Study material:
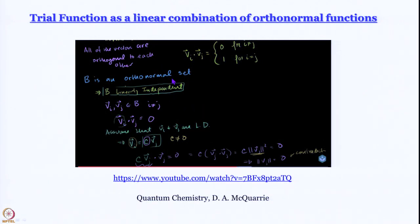Quantum mechanics is all about orthonormal functions. The wave functions we use are almost always, when we talk about exact solutions, either they form an orthonormal basis or they are made up by linear combinations of functions that form a complete orthonormal set. So it makes sense at this stage to see what happens when we express trial functions as a linear combination of orthonormal functions, whose properties we have studied in the past.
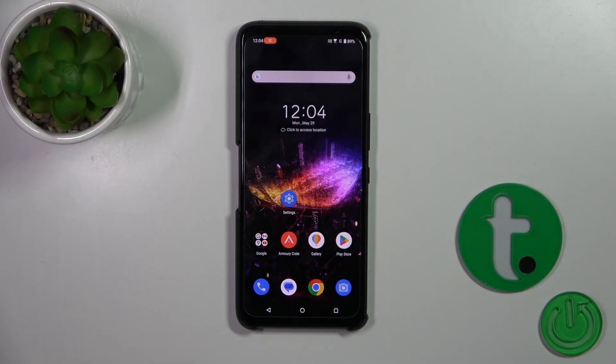Hi, this is the Asus ROG Phone 7 and I'll show you how to record calls on this device.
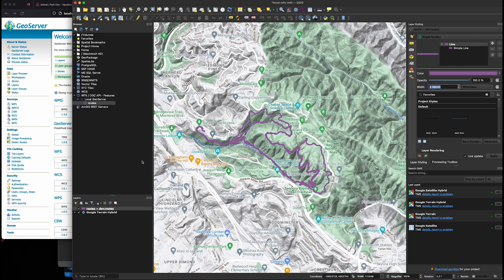So there it is. So that just goes through how to load a GeoServer WFS layer into QGIS.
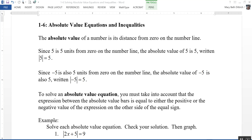Section 1-6 is on absolute value equations and inequalities. The absolute value of a number is its distance from 0 on the number line. Since the number 5 is 5 units from 0, the absolute value of 5 is 5, written with the absolute value bars. Since negative 5 is also 5 units from 0, the absolute value of negative 5 is also 5, written like this.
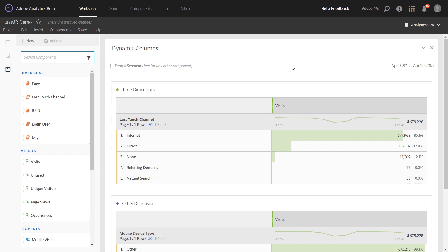Hi, this is Jen Lasser with Adobe Analytics Product Management. In this video, I'm going to introduce a new feature called Dynamic Columns.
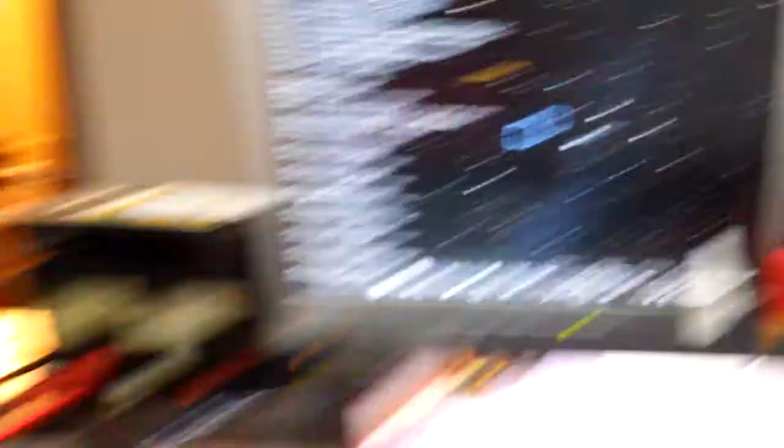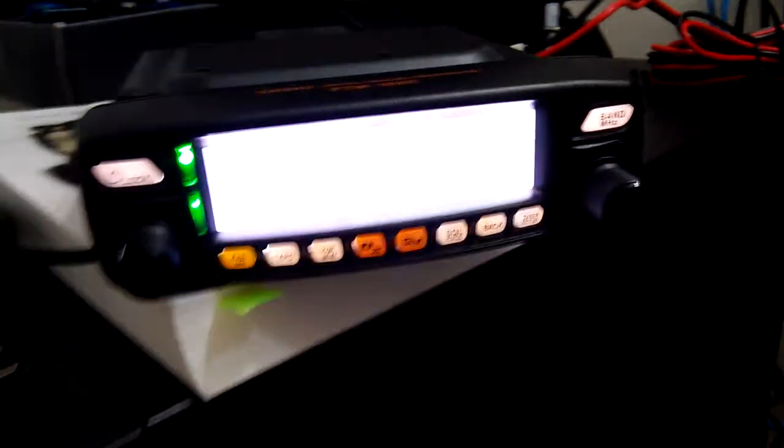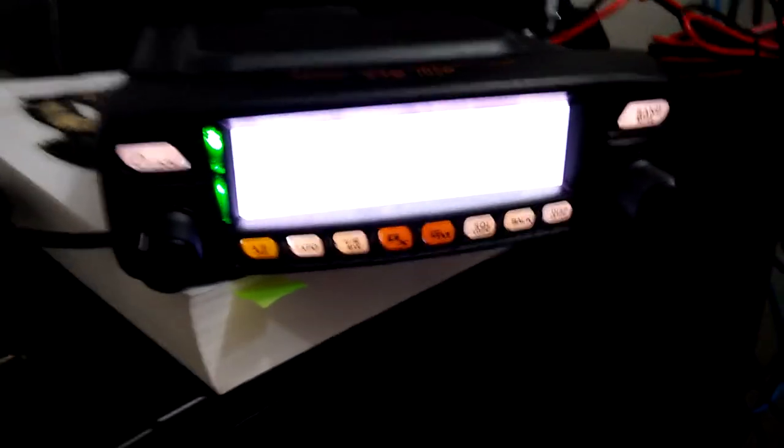Looking forward to seeing everybody's pace in the future. Remember, Alpha 1, Sierra Sierra, home and clear. Bye-bye.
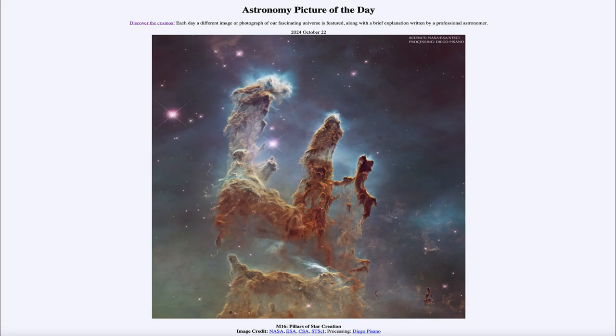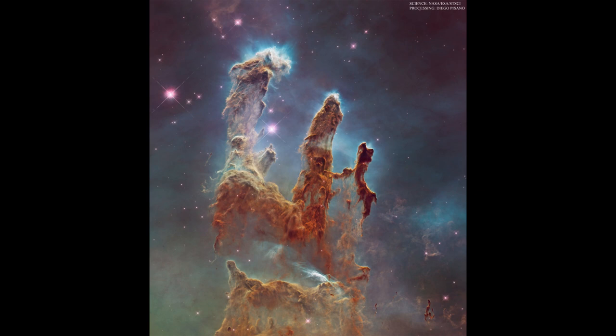Greetings and welcome to the Astronomy Picture of the Day podcast. Today's picture for October 22nd of 2024 is titled M16 Pillars of Star Creation. Here we see an image of a star-forming region — specifically, a part of the Eagle Nebula.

Assignment: Each line of the data needs to be output exactly, with any image excluded.

Task answer:
Quantum mechanics is all about orthonormal functions. The wave functions we use are almost always, when we talk about exact solutions, either they form an orthonormal basis or they are made up by linear combinations of functions that form a complete orthonormal set. So it makes sense at this stage to see what happens when we express trial functions as a linear combination of orthonormal functions, whose properties we have studied in the past.
Hi, this is the Asus ROG Phone 7 and I'll show you how to record calls on this device.
So there it is. So that just goes through how to load a GeoServer WFS layer into QGIS.
Section 1-6 is on absolute value equations and inequalities. The absolute value of a number is its distance from 0 on the number line. Since the number 5 is 5 units from 0, the absolute value of 5 is 5, written with the absolute value bars. Since negative 5 is also 5 units from 0, the absolute value of negative 5 is also 5, written like this.
Hi, this is Jen Lasser with Adobe Analytics Product Management. In this video, I'm going to introduce a new feature called Dynamic Columns.
Looking forward to seeing everybody's pace in the future. Remember, Alpha 1, Sierra Sierra, home and clear. Bye-bye.
Greetings and welcome to the Astronomy Picture of the Day podcast. Today's picture for October 22nd of 2024 is titled M16 Pillars of Star Creation. Here we see an image of a star-forming region — specifically, a part of the Eagle Nebula.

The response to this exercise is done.